California Atty. Gen. Jerry Brown told CVS pharmacies Thursday to stop selling expired products, including baby food and over-the-counter medications, that he said investigators found recently in the chain's stores in Southern California.
Brown took the step after investigators found 48 expired products on the shelves of 26 CVS stores in Los Angeles, Orange and San Diego counties in March, he said in a statement.
In some cases, the "sell by" dates were covered with price tags or other store stickers, the statement said. The investigation was launched after complaints from consumers, it said.
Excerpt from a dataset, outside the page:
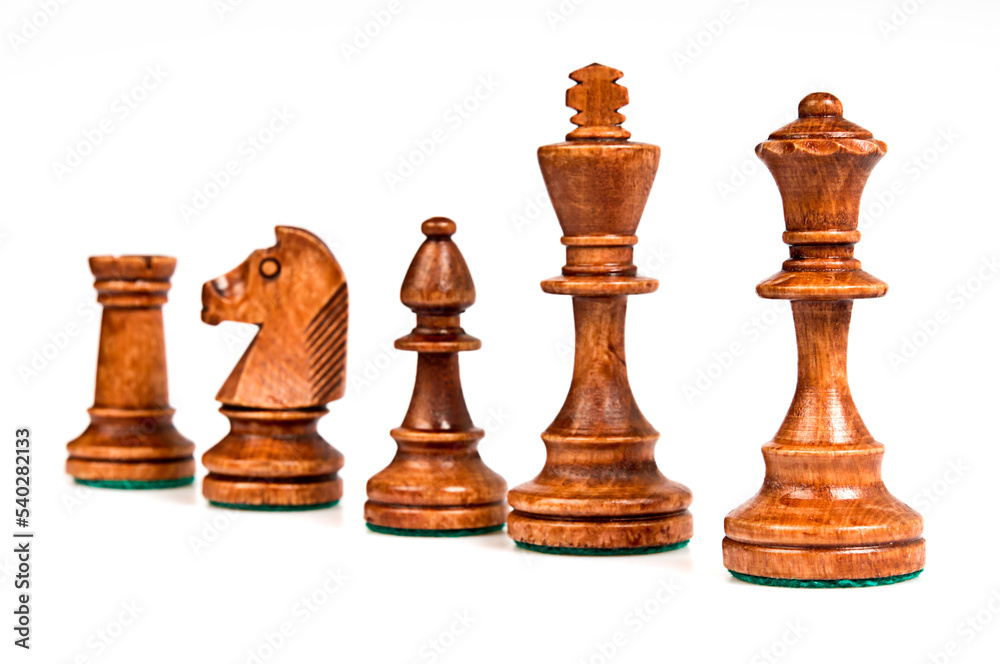 set of black chess pieces in a row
CVS said in a statement that its policy was to remove items before their expiration dates. The company said it was "working aggressively to ensure that our review and removal procedures are followed consistently in all of our stores." The retailer said it would cooperate fully with the attorney general's office.
California doesn't prohibit the sale of expired products, but federal law requires expiration dates on a variety of products. Brown contends that stocking expired items violates the state's false advertising and unfair business practices laws because consumers expect products on store shelves to meet federal standards.
"There's a reason for these expiration dates," Brown said in a telephone interview. "We just feel the proper way to conduct business is to have your products comply with federal law and be what they purport to be."
Recent probes by New York's attorney general found that CVS stores in that state "engaged in similarly unlawful selling practices," Brown's statement said. CVS/pharmacy spokesman Mike DeAngelis said the company was "cooperating with the New York attorney general in that matter."
Brown's office also said it had received reports that CVS/pharmacy wasn't always properly protecting consumers' confidential data. Brown has asked the retailer to comply with state laws on the collection, storage and disposal of medical and financial information, the statement said.
CVS/pharmacy, a unit of CVS Caremark Corp. in Woonsocket, R.I., said it had firm policies at all of its 6,300 stores to protect patient privacy.